That's not to say that it isn't an issue anymore though.

I don't think we've solved the perceived burnout problem by giving people a few extra days off here and there. Fundamentally, I think burnout comes about as a result of a combination of high expectations and high load, and if we don't meaningfully change either of those things, all the days off in the world aren't going to help.

There are still plenty of ways we could change how we operate to make burnout less likely to occur. In order to do that though, we need to understand more about it's causes.

And that means hypotheses!

One such hypothesis is that, for engineers, feature leading is a meaningful contributor to burnout.

Like Intelligence Stuff

What's feature leading you might ask?

At its core, it's all about being responsible for the delivery of a project that is of a meaningful size. A piece of work that is bigger than a few weeks worth of effort, but probably smaller than a couple of quarters.

It's a hat that engineers frequently wear at Atlassian, because while we do have product managers and program managers and engineering managers and manager managers, the responsibility for feature leading is seen as a good way for engineers to exhibit leadership and drive outcomes.

But feature leading comes with quite a few responsibilities.

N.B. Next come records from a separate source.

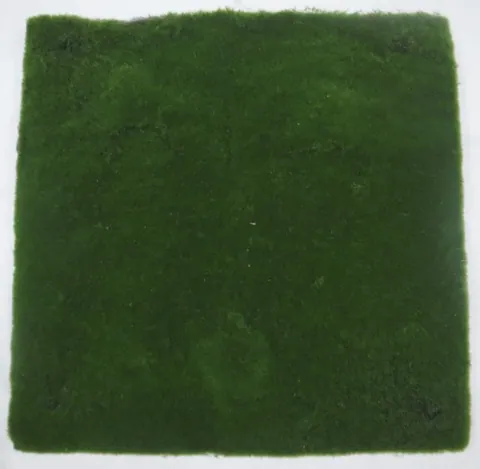 Moss Grass Mat, 300mm x 300mm Square piece ( 30cm x30cm Square) (MISC26)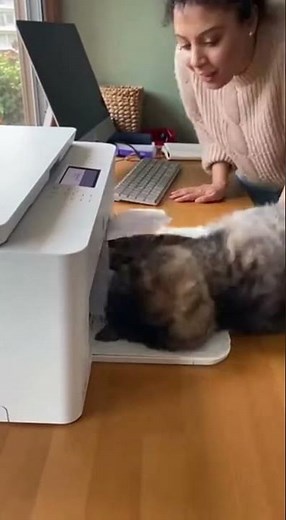 Cat vs Printer Gone Wrong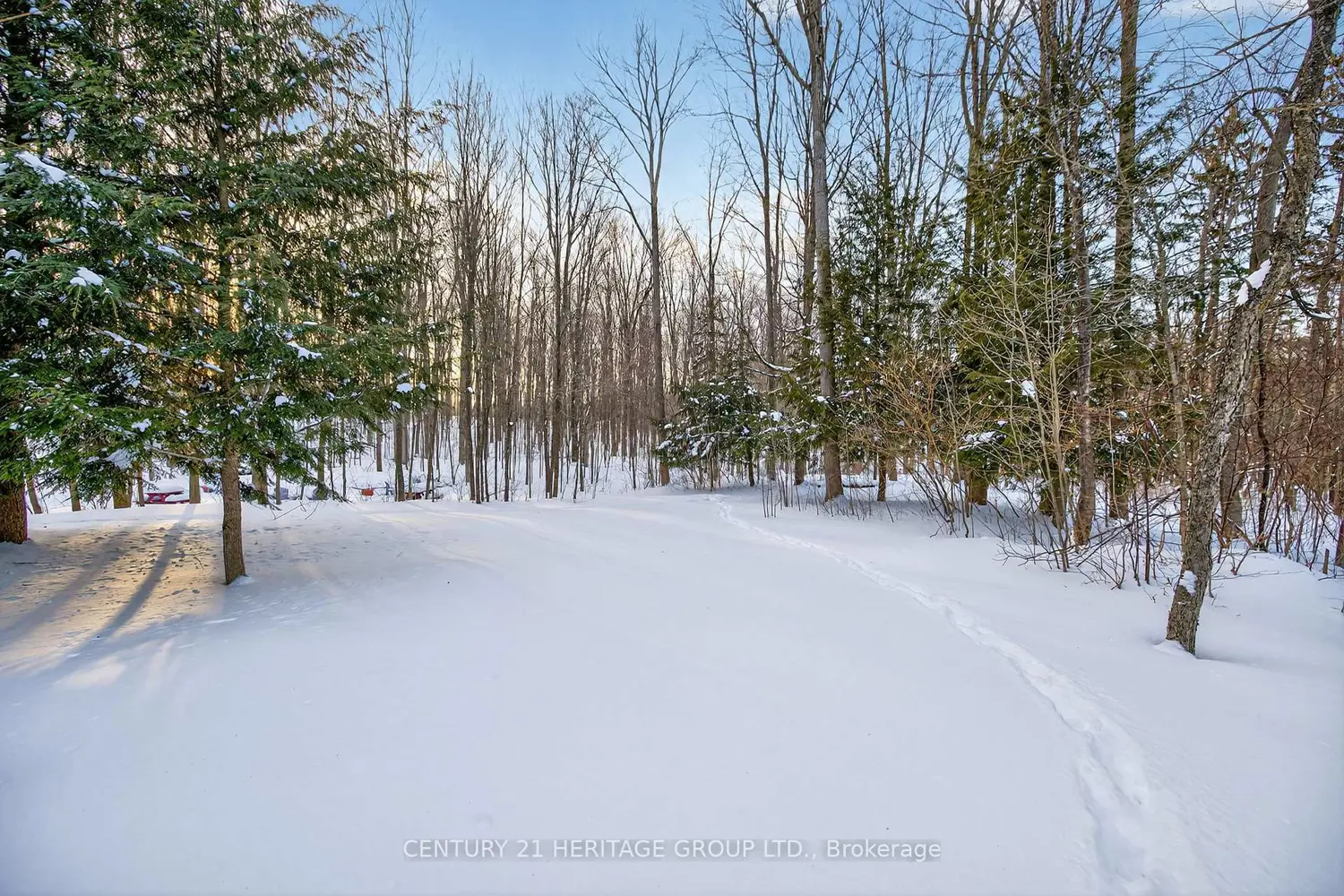 Additional image 19 of 4074 St. John's Side Road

The first responsibility of a feature lead is to clarify the problem being solved by the project. They don't necessarily have to come up with a problem from thin air, but they do need to take a rough problem/solution space and define it more clearly.

The second responsibility of a feature lead is to actually contribute to the project directly. For most of the projects that engineers feature lead, this means engineering a software solution. You know, delivering incremental functionality according to some sort of plan.

Not all of the work should be done directly by the feature lead though, that is a one person project and is widely regarded as a terrible idea.

This adds another responsibility to the mix, which is to organise work for others to deliver, such that said work is aligned with the desired outcomes of the project.

This isn't a trivial task.

Breaking down a large piece of work such that you can do it personally is one thing, but breaking it down such that others can contribute is vastly more complicated.

But wait, there's more!

On top of the things I've already mentioned, a feature lead has to keep stakeholders updated as to the current progress of the project. This means that they must have a good handle on milestones or success criteria and be able to critically evaluate their current state. The corollary here is that they also need to keep across any developments outside of the project, not only emitting meaningful information, but ingesting it as well.

Finally, there is an administration aspect to feature leading a project. Things like keeping documentation up to date, writing summarisation blog posts, doing project retrospectives and tying everything up in a neat little bow when all is said and done.

That's a lot of responsibilities for a single person, and honestly, I've probably forgotten a few.

I'm Not Comfortable With This

Which brings me to the crux of this blog post, which is the hypothesis that feature leading for engineers is a meaningful contributor to burnout.

It makes sense when you think about.

Engineering is already hard enough. Technology changes quickly, there are a billion different ways to accomplish everything, there isn't always clear guidance about what the right way is, it can be hard to tell if you've actually delivered something valuable, and sometimes you start doing one thing and then end up shaving a yak wondering what went wrong in your life.

Even without adding feature leading into the mix, general engineering pressures can easily cause burnout if they aren't managed correctly. Add feature leading on top of that and surely it must be worse?

Well, maybe.

I don't have any quantitative data that confirms the hypothesis yet. It's all anecdotal evidence driven by manager observation and individual sentiment.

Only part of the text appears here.